В скором времени я свел знакомство еще и с Лафатером. Некоторые места из «Письма пастора своему коллеге» очень его заинтересовали, ибо многое в них полностью совпадало с его убеждениями. При его неустанной деятельности наша переписка быстро сделалась весьма оживленной. В это время он как раз занимался собиранием материалов для своей большой «Физиогномики», с введением в каковую еще раньше ознакомил публику. Он всех заклинал посылать ему рисунки, силуэты, но в первую очередь изображения Христа, и хотя я ничем не мог быть ему полезен, он все же требовал, чтобы и я нарисовал для него Спасителя таким, каким он мне представлялся. Эти требования невозможного послужили мне поводом для разных шуток; не зная, как защититься от его чудачеств, я счел за благо противопоставить им свои собственные.
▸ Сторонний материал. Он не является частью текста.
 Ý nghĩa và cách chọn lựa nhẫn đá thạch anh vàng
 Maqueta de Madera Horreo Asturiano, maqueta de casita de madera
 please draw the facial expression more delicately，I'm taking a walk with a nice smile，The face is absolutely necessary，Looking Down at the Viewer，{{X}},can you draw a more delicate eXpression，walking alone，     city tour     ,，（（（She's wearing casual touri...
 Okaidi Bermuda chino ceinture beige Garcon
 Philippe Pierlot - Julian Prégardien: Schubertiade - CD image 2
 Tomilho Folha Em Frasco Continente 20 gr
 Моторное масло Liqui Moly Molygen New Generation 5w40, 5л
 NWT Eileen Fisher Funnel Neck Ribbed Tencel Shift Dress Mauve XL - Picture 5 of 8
Большинство не верило в физиогномику или, по крайней мере, считало ее штукой ненадежной и обманчивой, но и те, кто с доверием относился к Лафатеру, любили его поддразнить или сыграть с ним какую-нибудь шутку. Лафатер заказал одному франкфуртскому очень недурному художнику профильные портреты нескольких известных людей. Тот позволил себе подшутить над своим заказчиком и вместо моего портрета отправил ему портрет Бардта; вскоре во Франкфурт прибыло бодрое, хотя и разносное послание — Лафатер шел прямо с козырей, доказывая, что это не мой портрет, далее приводилось решительно все, что можно было привести при такой оказии для возвеличения физиогномики. Мой настоящий портрет, посланный вслед за упомянутым, он принял снисходительнее, хотя и в этом случае не обошлось без пререканий, в которые он обычно вступал не только с художником, но и с оригиналом. Первые, по его мнению, работали недостаточно точно и правдиво, вторые, при всех достоинствах, которые у них иной раз были, все же оказывались намного ниже идеи, составленной им о человечестве и человеке, и потому не удивительно, что характерное в них, — другими словами, то, что делает отдельного индивидуума личностью, — в какой-то мере отталкивало его.
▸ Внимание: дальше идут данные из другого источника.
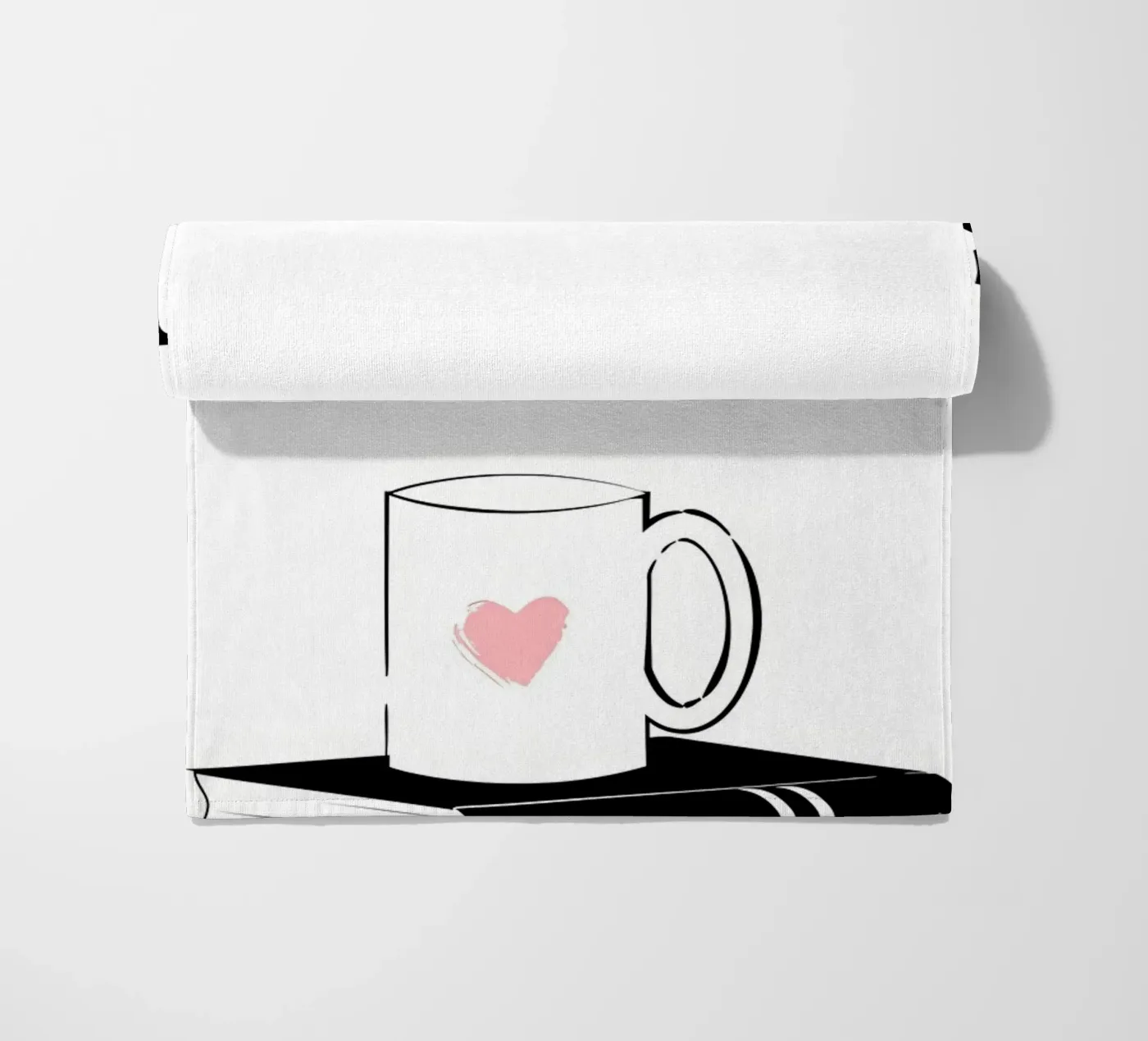 Coffee and books telo mare da Aiden Garcia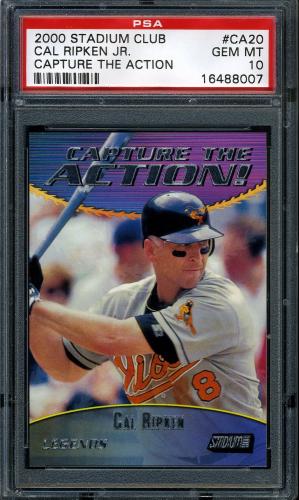 2000 Stadium Club Capture the Action #CA20 Cal Ripken PSA 10 #16488007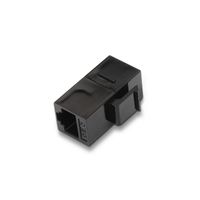 Miniatura 2 de ADAPTADOR AISENS RJ45 HEMBRA A RJ45 HEMBRA CAT6 UTP NEGRO A139-0299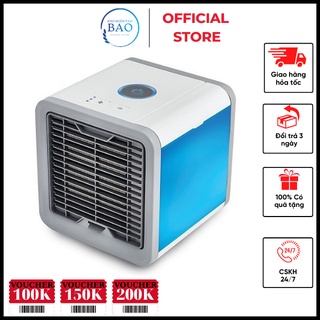 Quạt Đá Điều Hòa Hơi Nước Mini Để Bàn - Quạt Điều Hòa Mini Có Khay Chứa Đá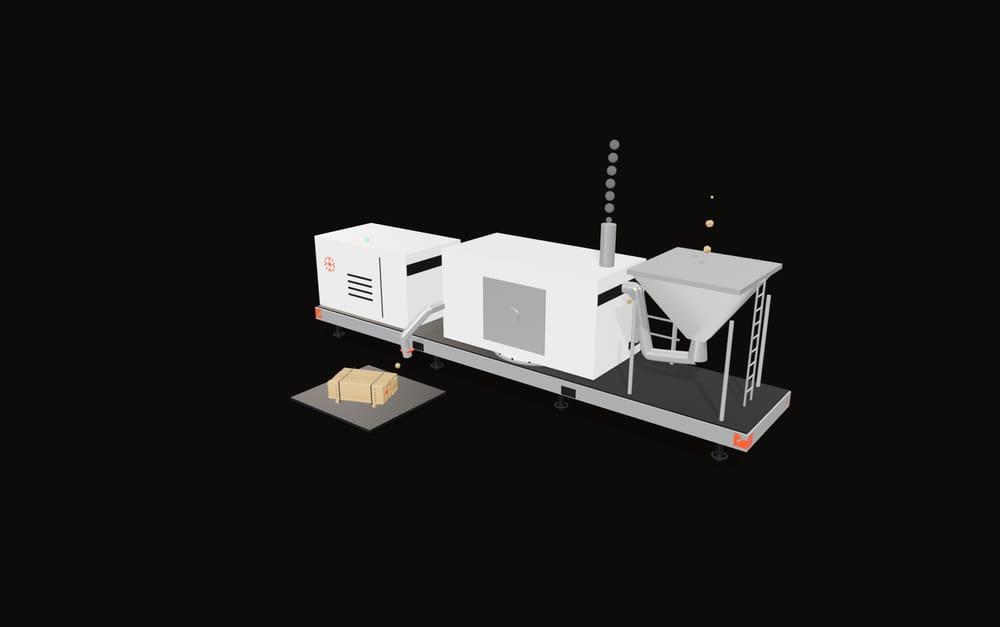 Flexible Demeanour, Drying Cell 3D render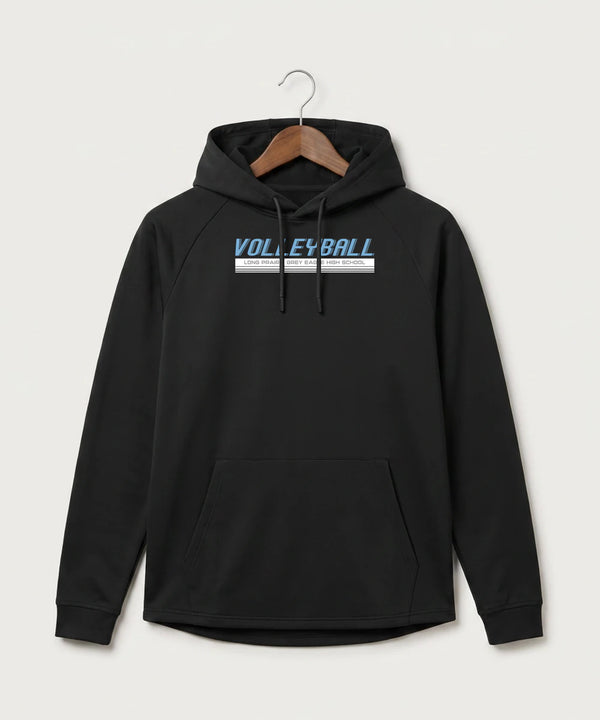 Long Prairie Grey Eagle High School Volleyball (Girls) - Black Hoodie - Full Front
Понятие о человечестве, сложившееся у Лафатера в соответствии с его собственной человеческой сутью, было так родственно его живому представлению о Христе, что ему казалось непостижимым, как может человек жить и дышать, не будучи христианином. Я же воспринимал христианскую религию только мыслью и чувством, о физическом же родстве с нею, которое так живо ощущал Лафатер, я и понятия не имел. Поэтому я досадовал на ту назойливую страстность, с которой этот умный и сердечный человек нападал на меня, на Мендельсона и многих других, утверждая, что надо либо быть христианином, таким, как он, либо уж переманить его на свою сторону — иными словами, убедить его в том, что является умиротворением для душ его противников. Это требование, стоявшее в прямом противоречии с теми либеральными воззрениями, которые я мало-помалу усвоил, произвело на меня довольно неприятное впечатление. Все потерпевшие неудачу попытки обращения делают избранного на роль прозелита только более упорным и замкнутым. Так было и со мной, тем паче когда Лафатер стал подступаться ко мне с жесткой дилеммой: «Либо христианин, либо атеист». В ответ я заявил, что если ему не угодно оставить меня при моем христианстве (как я доселе его понимал), то я, пожалуй, склоняюсь в сторону атеизма, тем более что никто, видно, толком не понимает, что подразумевается под тем и под другим.